- **Work instruction**: In your copy of the entries below, keep every word exactly and leave out all images.
= = = =
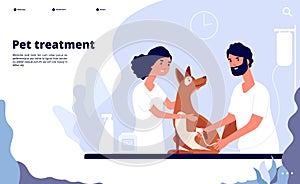 Veterinary landing. Veterinarian treats pet in clinic. Treatment, counseling and care for pets vector website concept photo
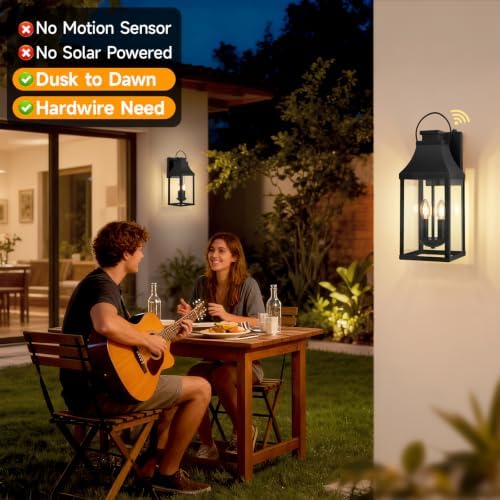 Dusk to Dawn Exterior Lighting Fixtures, Black Sensor Outdoor Porch Lights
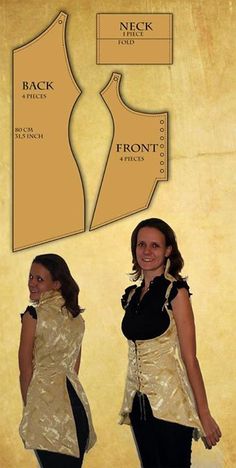 two women standing next to each other in front of a paper cutout with the shape of a dress on it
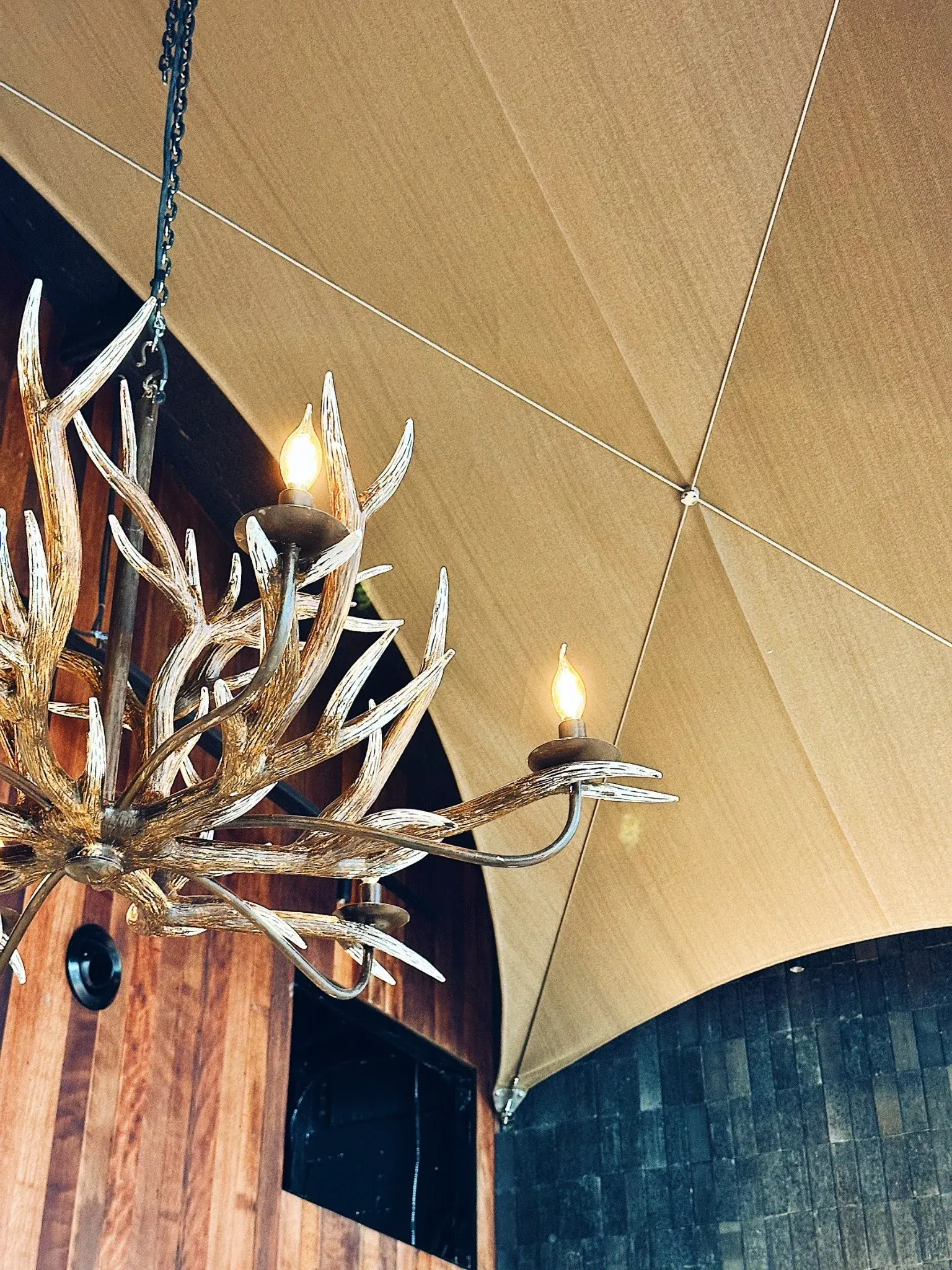 Sculptural chandelier and stretched fabric ceiling detail at Wine Gallery Bangkok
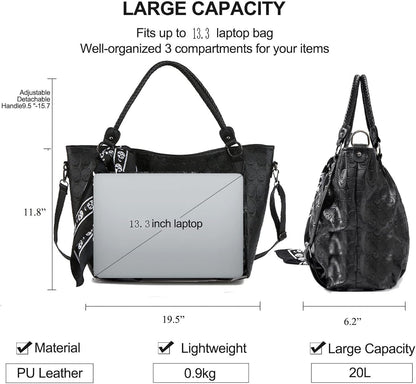 Zuoge Women’s Skull Tote Bag - Studded PU Leather Handbag with Purse & Scarf Set (3 Pieces)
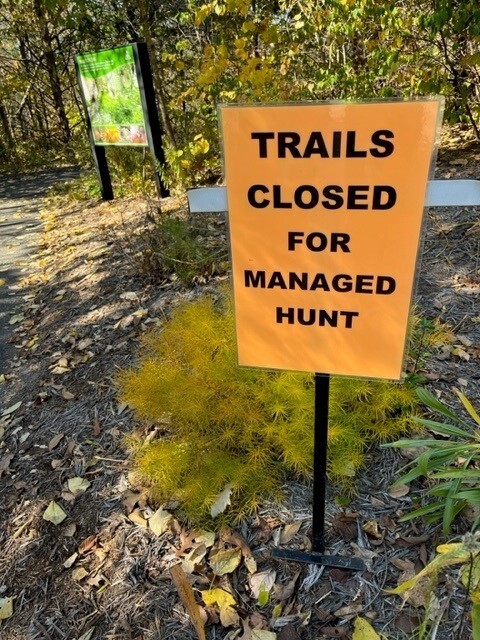 Trails closed for managed hunt sign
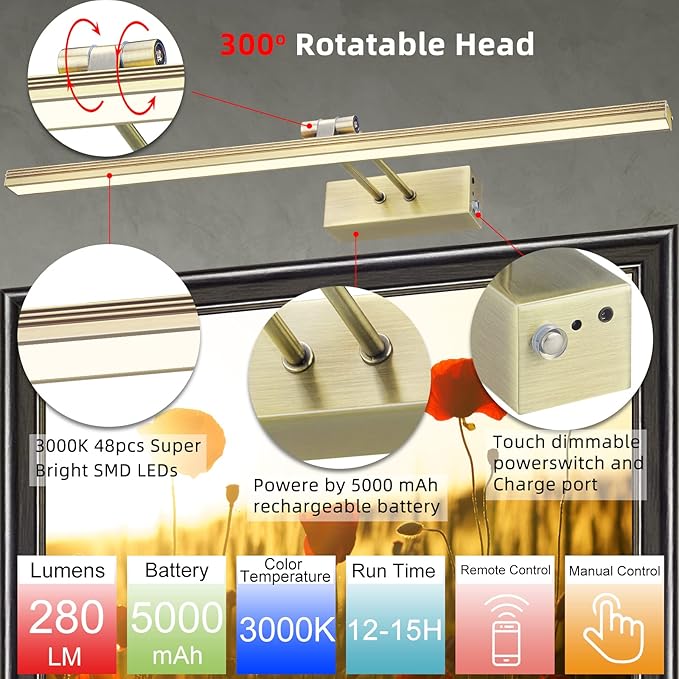 FUNCHDAY Picture Light,Battery Art Lights for Wall,Wireless Remote Painting Light with Timer and Dimmable,13”Metal Display Lighting for Artwork,Portrait,Gallery-Antique Brass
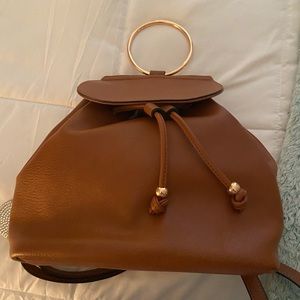 Lauren Conrad small tan leather backpack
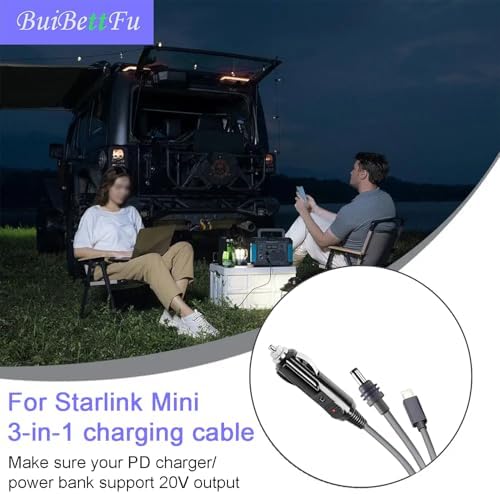 Starlink Mini 10 FT DC Power Cable for Vehicles – Heavy-Duty 12 V-24 V Car Charger Adapter with Waterproof Design | High-Speed Connectivity for On-the-Go Internet Access | Versatile 3-in-1 USB-C Plug Cord for Camping & Travel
= = = =
- **Completed task**:
 Veterinary landing. Veterinarian treats pet in clinic. Treatment, counseling and care for pets vector website concept photo
 Dusk to Dawn Exterior Lighting Fixtures, Black Sensor Outdoor Porch Lights
 two women standing next to each other in front of a paper cutout with the shape of a dress on it
 Sculptural chandelier and stretched fabric ceiling detail at Wine Gallery Bangkok
 Zuoge Women’s Skull Tote Bag - Studded PU Leather Handbag with Purse & Scarf Set (3 Pieces)
 Trails closed for managed hunt sign
 FUNCHDAY Picture Light,Battery Art Lights for Wall,Wireless Remote Painting Light with Timer and Dimmable,13”Metal Display Lighting for Artwork,Portrait,Gallery-Antique Brass
 Lauren Conrad small tan leather backpack
 Starlink Mini 10 FT DC Power Cable for Vehicles – Heavy-Duty 12 V-24 V Car Charger Adapter with Waterproof Design | High-Speed Connectivity for On-the-Go Internet Access | Versatile 3-in-1 USB-C Plug Cord for Camping & Travel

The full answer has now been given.